The Raja had already become an object of contempt in his country for his anti-idolatry attitude. And when he opened the "Brahma Sabha" (The Theistic Association) and brought about the anti-suttee agitation, his antagonists simply let loose a full flood of abuse on him. But history bears witness to the fact that Rammohun, the hero of heroes, with the help of Lord Bentinck successfully abolished the dreadful custom of Hindu widows burning on the funeral pyres of their husbands.

It was quite natural that the misery and degradation of women in Bengal should have appealed strongly to the ever-sympathetic heart of the Raja. Both his genuine sympathy and high admiration for the women of Bengal were striking:

"Women are in general inferior to men in bodily strength and energy; consequently, the male part of the community, taking advantage of their corporeal weakness, have denied to them those merits that they are entitled to by nature, and afterwards they are apt to say that women are naturally incapable of acquiring those merits… You charge them with want of resolution, at which I feel exceedingly surprised; for we constantly perceive, in a country where the name of death makes the male shudder, that the female, from her firmness of mind, offers to burn with the corpse of her deceased husband; and yet you accuse those women of deficiency in point of resolution."
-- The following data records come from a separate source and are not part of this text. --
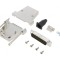 Conector D-Sub HD 44 pini tată drept aurit 11,5mm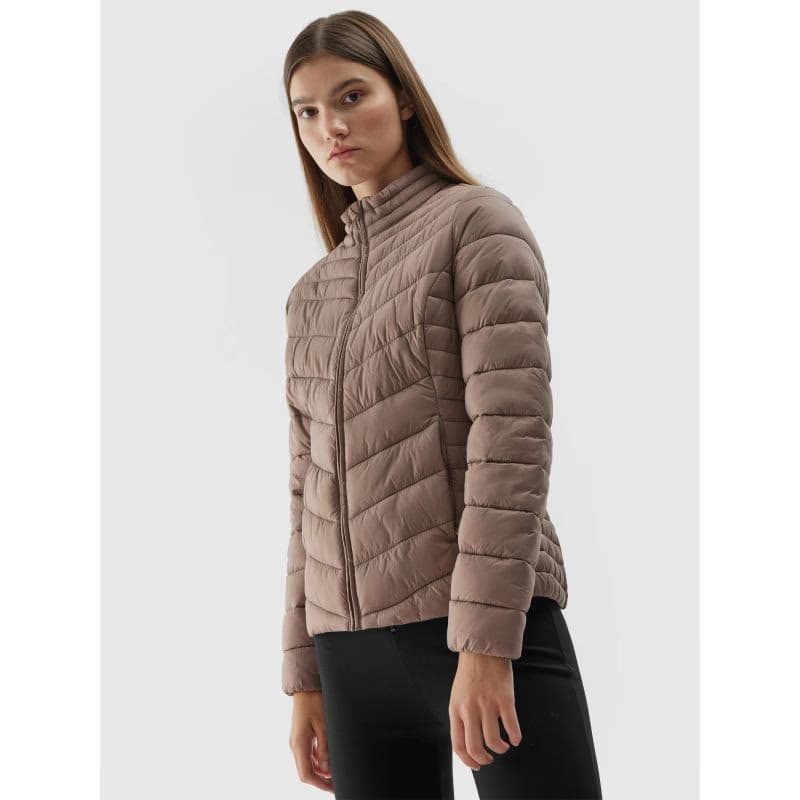 Dámska bunda 4F DOWN JACKET-AW23TDJAF224-82S-LIGHT BROWN 2
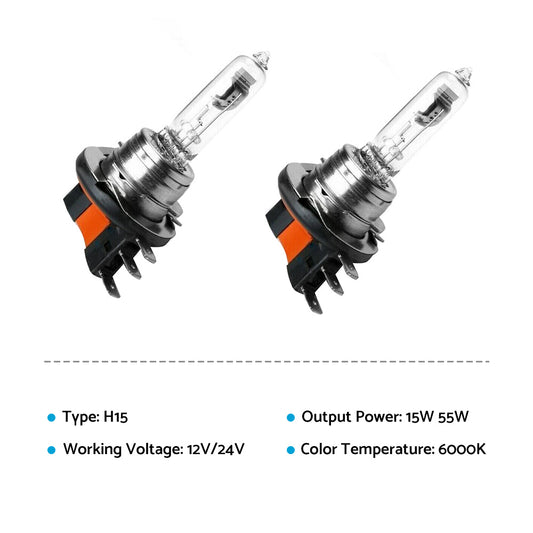H15 15W 55W Standard DRL Hi/Lo Beam Halogen Headlight Suitable For VW Golf 2004-2025 / Mercedes-Benz 2004-2025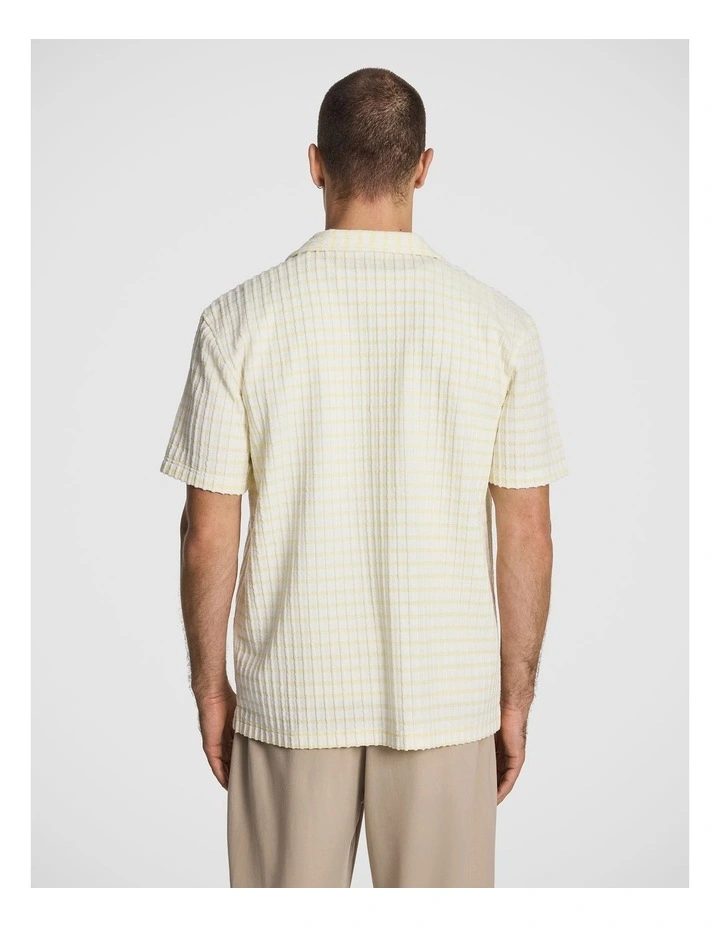 Frankie Textured Shirt in Yellow image 2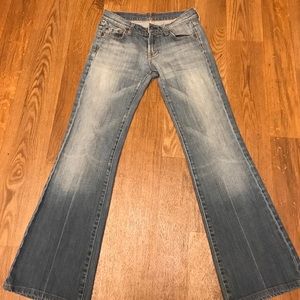 7 for all mankind size 25 denim flare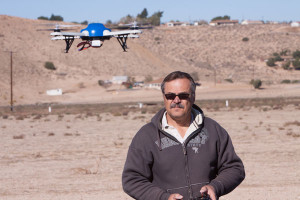 Practice makes perfect, here the author is practicing flying a drone without a camera on it in smooth and easy transitional flight.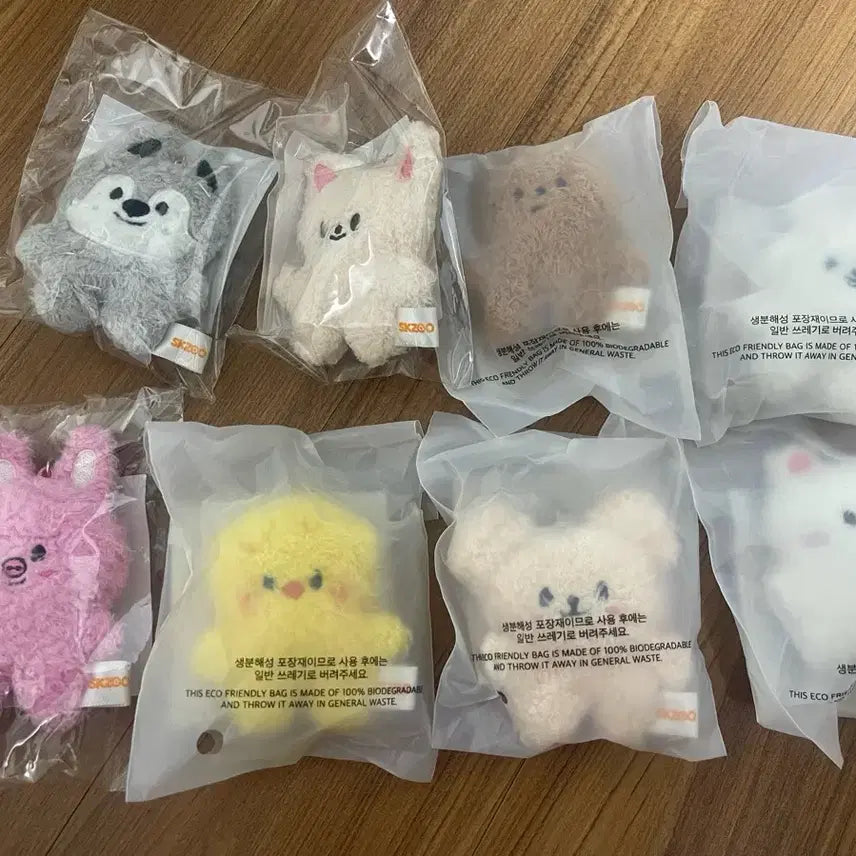[BUNJANG] Skizoo Micro Original Plush Set (8 Types, Sealed) / 택포 18) 스키주 마이크로 오리지널
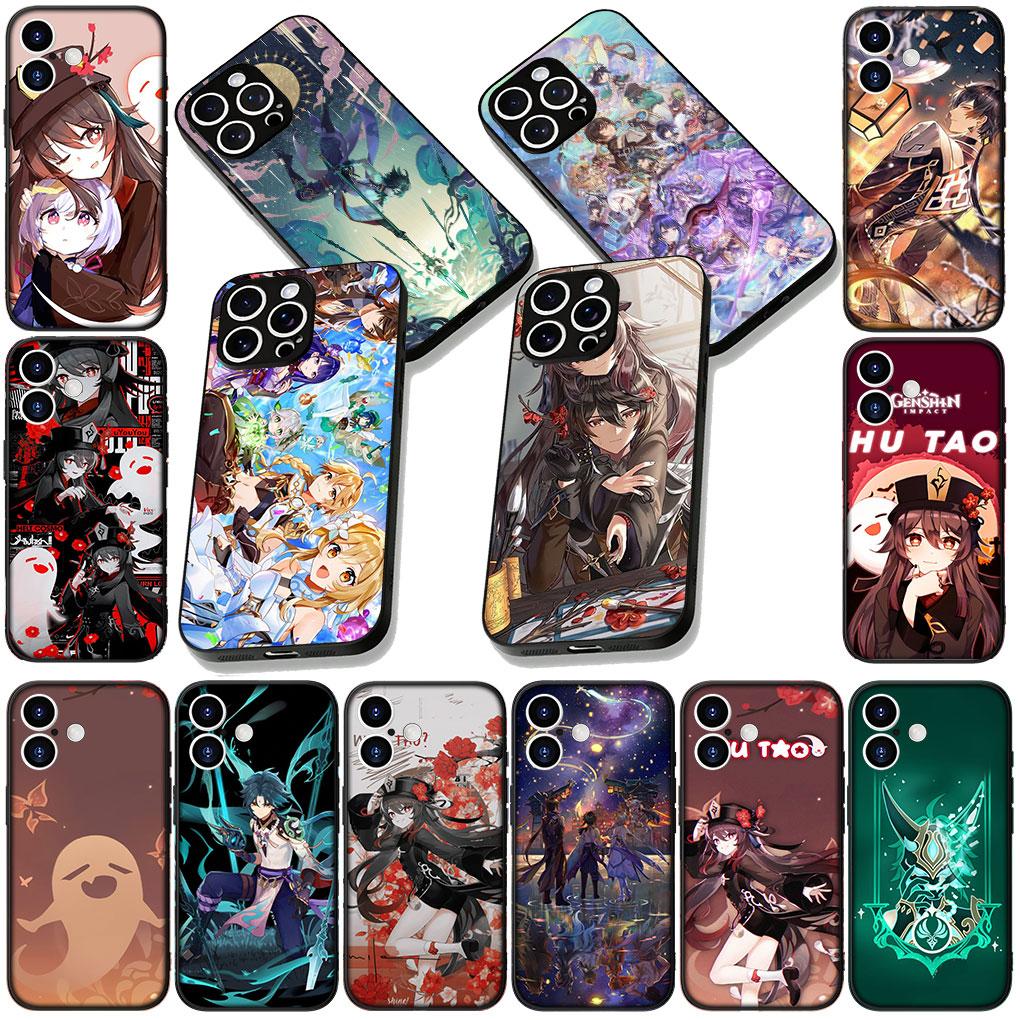 Phone Cover for Samsung Galaxy Note 20 9 8 S8 S10 S9 Plus A54 A33 A21S A31 M21 S10E A17 Case Zhong Li Genshins HuTao Xiao Impact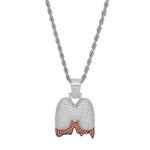 Personalized Blood Letter Pendant - Giovanni Astro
Tagore's admiration for Rammohun is unique. He describes the Raja as "A Universal man." The world-renowned scholar Max Muller addressed Rammohun Roy as the Father of Comparative Religion. Vivekananda calls him "the first man of the new regenerate India." "Rammohun Roy," says Sri Aurobindo, "was a great man in the first rank of active genius who set flowing a stream of tendencies which transformed our national life."

The politician and the philanthropist in the Raja, too, deserve ample praise:

"If religion is from God, is politics from the Devil?"

"The true way of serving God is to do good to man."

The Raja was almost consumed with the desire to visit Europe. After his arrival in England he met William Roscoe, the historian of the Medicis, and Jeremy Bentham, the Utilitarian philosopher. Roscoe is reported to have observed after seeing him, "Deeply grateful am I to God for keeping me alive to witness this blessed day." Bentham addressed him as his "intimately admired and dearly beloved collaborator in the service of mankind."

The Raja had an intense longing to visit America. America, too, sincerely wanted him. Dr. Kirkland, ex-President of Harvard University, exclaimed, "The Raja was an object of lively interest in America and he was expected there with the greatest anxiety."

Rammohun cherished a great admiration for France. Hence he did not fail to visit that country. According to him, France is a "country favoured by Nature and richly adorned by the cultivation of the arts and sciences and, above all, blessed by the possession of a free constitution." Napoleon had conquered his heart even when he was in his teens. The French King, Louis Phillippe, invited him to dinner several times.

It was at Bristol that he breathed his last on May 27, 1833. His longtime home in Arno's vale has been a hallowed place for both his eastern and western admirers. Rammohun's ideas were far ahead of his age, but by virtue of his tremendous toil in the cause of regenerating India he will live forever.

Finally, let me conclude this homage of mine with the glowing tribute paid to him by Mary Carpenter, the author of The Last Days in England of Raja Rammohun Roy:

Thy Nation sat in darkness, for the night
Of pagan gloom was o'er it, — Thou wast born
Midst superstition's ignorance forlorn:
Yet in thy breast there glowed a heavenly light
Of purest truth and love, and to thy sight
Appeared the day-star of approaching morn.